**The data**
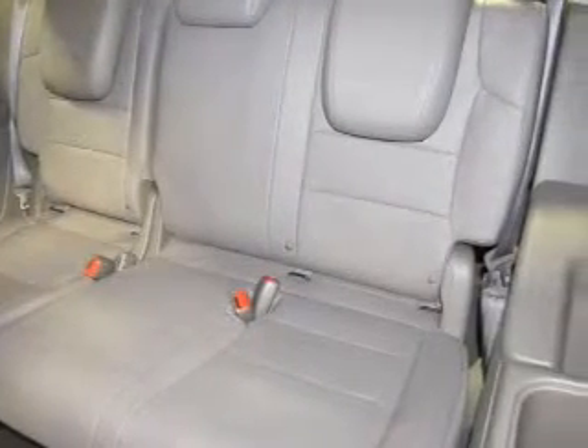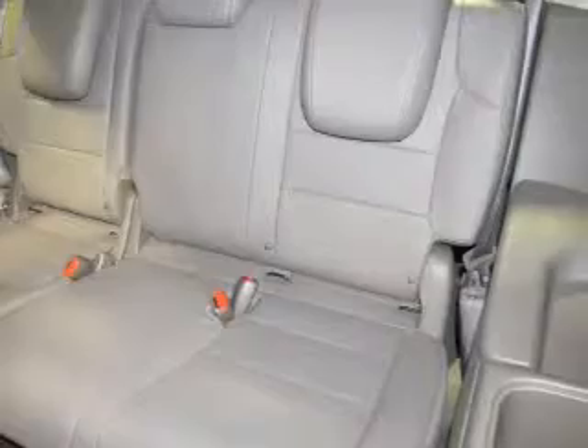Heated seats offer comfort in cold weather. Enjoy the comfort of dual temperature controls. Call today to schedule a test drive.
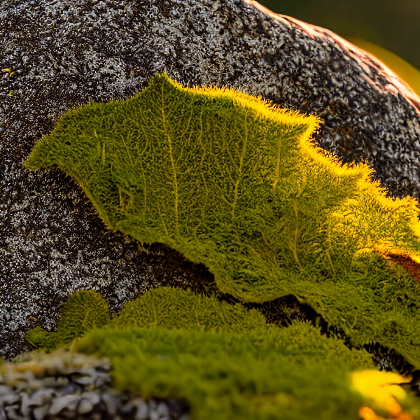Did you know some mosses tell time, like a living sundial? Meet clock moss, a tiny plant that opens and closes its leaves with the sun's movement, tracking daylight like a biological clock.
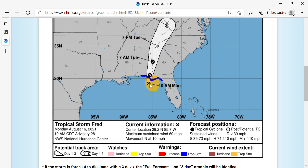It is about 70 miles south of Panama City Beach and we have Tropical Storm warnings posted between Fort Walton Beach and the northeast central coast of Florida.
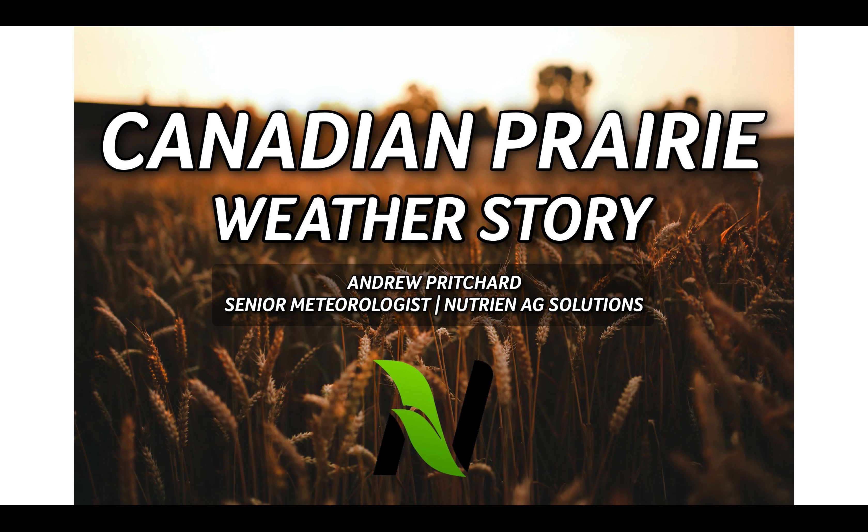From Nutrien Ag Solutions, I'm Senior Meteorologist Andrew Pritchard with your Canadian Prairie weather story from Monday, March 13th, 2023.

**What is expected**
Could the data above be repeated exactly, with every picture dropped?

**Response to this exercise**
Heated seats offer comfort in cold weather. Enjoy the comfort of dual temperature controls. Call today to schedule a test drive.
Did you know some mosses tell time, like a living sundial? Meet clock moss, a tiny plant that opens and closes its leaves with the sun's movement, tracking daylight like a biological clock.
It is about 70 miles south of Panama City Beach and we have Tropical Storm warnings posted between Fort Walton Beach and the northeast central coast of Florida.
From Nutrien Ag Solutions, I'm Senior Meteorologist Andrew Pritchard with your Canadian Prairie weather story from Monday, March 13th, 2023.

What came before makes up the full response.